Over at The Fat Fox there was a whole heap of reasons to stick around; a reminder from Heebie Jeebies that there aren’t enough saxophones about, suitably psychedelic lighting and much 60s style partying for Number 9 and plenty to please those looking for heavier riffs and fierce drumming from Violet Mud and You’re Smiling Now But We’ll All Turn Into Demons.
One of my favourite sets of the day came from The Howlers, currently gaining acclaim across the country with their raw psych rock performances. Pending live dates will be well worth checking out.
Back at the Wedgewood Rooms / Edge Of the Wedge – kudos to FLOWVERS (header photo) for having their own mosh pit at a packed main stage as well as being the pit for punk duo Bird Shoes’ next door in the Edge. Brother Deep completed a trio of local bands all getting a great reception and winning over new fans in the process.

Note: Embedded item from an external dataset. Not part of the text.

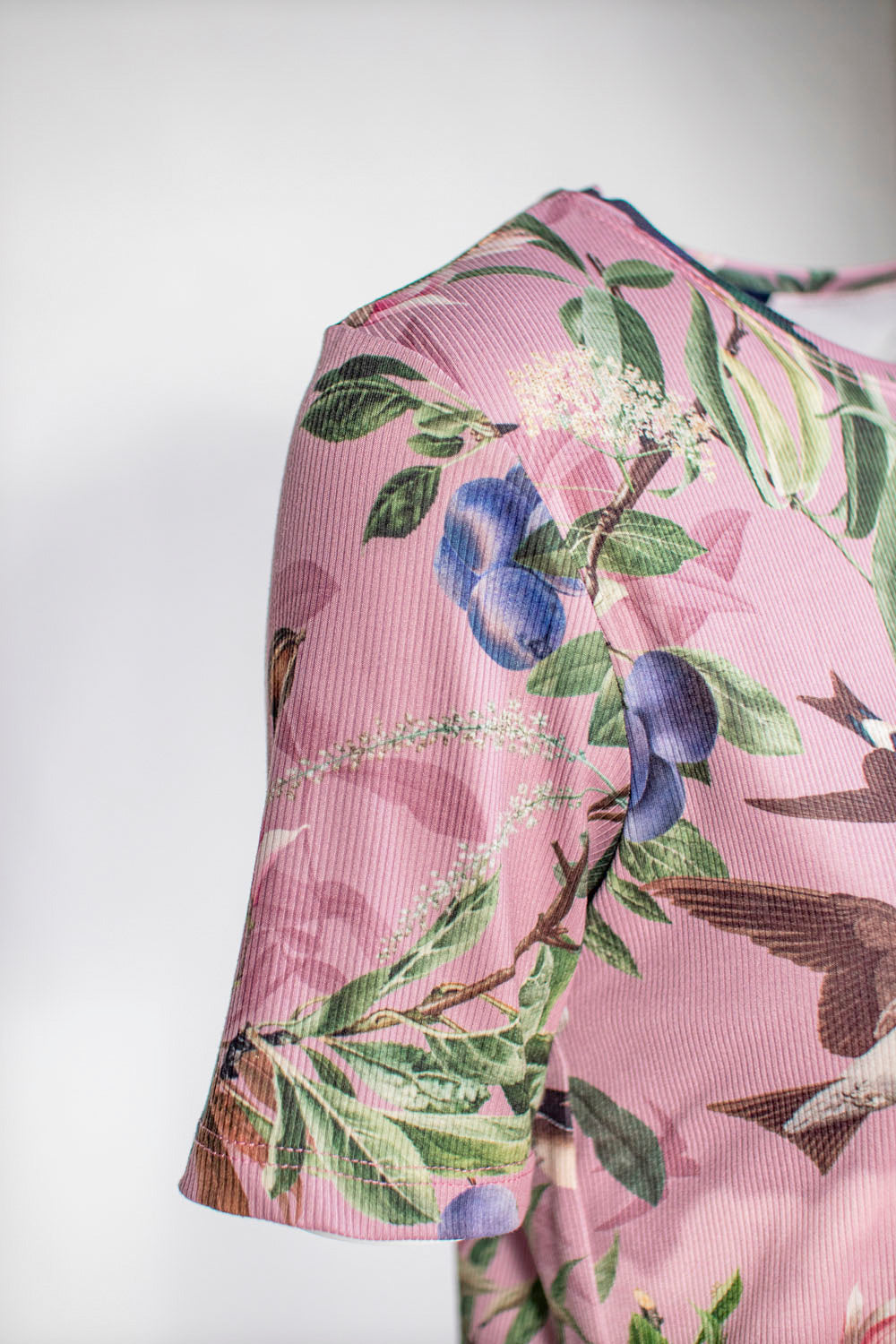 Paisaje Japones - Rib T-Shirt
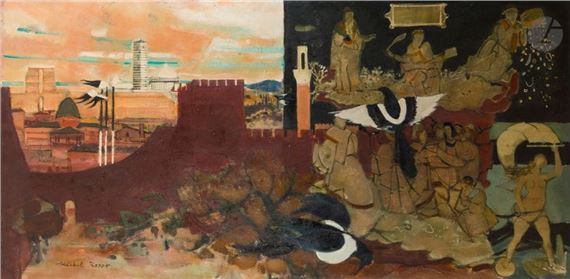 Siena by Michel Rodde, 195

Again, a tough call with headliners at every venue (I spoke to people throughout the day who were all finishing up in different places) but I opted to head back to a now very hot and sweaty Fat Fox for Skinny Milk’s closing set. Quality fuzz punk garage from one of many acts on the day whose sound belied the fact that there were only two of them on stage, a magic pedal board turning the bass into something much more dynamic and distorted. I chose well; the perfect way to end a solid day of being drawn in to see what I could hear from a distance – maybe the best part of any festival.
All in all, Icebreaker offers something different, an easily walkable multi venue festival with lots of choice and an excellent way to spend the weekend discovering new music. It looks likely to keep growing so keep an eye on announcements on their website later in the year to stake your place for 2020.